Filed Under African American

Discovering African American History at the College of Charleston

A Reflection by Professor Emeritus Bernard Powers

A state historical marker stands on George Street just outside of Cistern Yard. It was unveiled on Jan. 30, 2020, exactly 250 years after the Lieutenant Governor of colonial South Carolina proposed a college for Charleston.

With this marker and a number of research projects now underway, the College commits to telling a fuller story of its past. This state historical marker records the College’s accomplishments, but also its past exclusionary practices. These include the exclusion of women until 1918 and African Americans until 1967. 

Below, historian Bernard Powers reflects on the African American experiences and contributions that are part of the College's history, some of which will be showcased on this website in the future. Powers is the director of College’s Center for the Study of Slavery in Charleston, which is spearheading this upcoming tour of African American history at the College and in the surrounding neighborhoods.  .  

Although it has often been said that "a picture is worth a thousand words," this has not been true for the College of Charleston. When one enters Porter’s Lodge and strolls through our much-photographed campus, little is revealed beyond its visual appeal. Unfortunately, there has been little on our grounds to convey the deep and complex history embedded in the buildings, the landscape and the surrounding neighborhood.

The College’s history is at the very heart of early American history. Early leaders played critical roles in the American Revolution; three signed the Declaration of Independence and three others helped write the Constitution.

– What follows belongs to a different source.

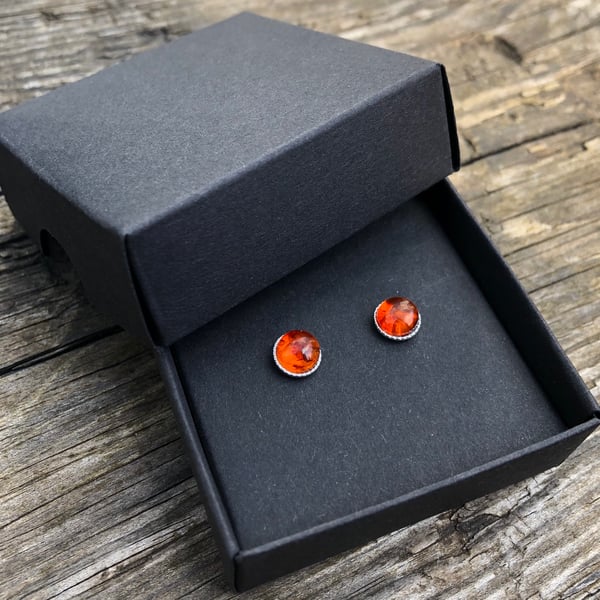 Amber Sterling Silver Stud Earrings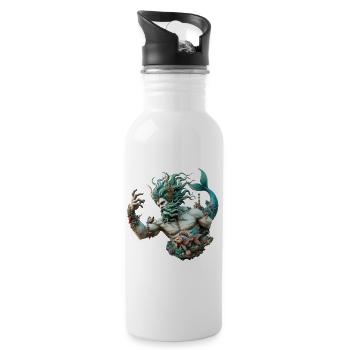 Triton Sea God of Greek Mythology - 20 oz Water Bottle - white - Right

Revolutionary-era barracks were among the earliest buildings the College used, and fifty years later, it became the nation’s earliest municipal college.

Stories about the College’s connection to slavery and subsequent issues of race are not as well known, because they have seldom been fully told. Many would be surprised to learn how organically intertwined these issues have been with the history of our institution. For example, Bishop Robert Smith, the first president, was a large slaveholder who used his own enslaved people to perform work on the campus; the College accumulated a considerable debt to him in part because of this. This indebtedness even influenced the way the campus was developed in the early years. We also know that slave labor was used to construct Randolph Hall in the late 1820s.

During this same period, the student body included John C. Fremont, one of the College’s most famous alumni, later known for his explorations of the American West and the settlement of California. Ironically, in 1856 he became the first presidential candidate of the antislavery Republican Party. Unlike most College alumni and some faculty who fought during the Civil War, Fremont served on the opposite side as a Union Army officer.

Randolph Hall is one of many campus buildings with important African American histories. In the antebellum period, many free blacks lived within the neighborhood adjacent to the campus. Some owned property here in the antebellum era; for example, in 1844, a free woman of color, Sally Johnson, purchased the house on 2 Green Way. It was passed down through her descendants until the College purchased it in the 1970s. James Holloway, a free person of color, owned five properties on College Street on property that would be the heart of campus. Another building was constructed during the Reconstruction era for A.O. Jones, an African American who was clerk of the South Carolina House of Representatives. In the modern period, the birthplace of Septima Clark, the civil rights era leader, is on our current campus, at 105 Wentworth St. Clark was educated at the segregated Avery Normal Institute, which now houses the College's Avery Research Center for African American History and Culture.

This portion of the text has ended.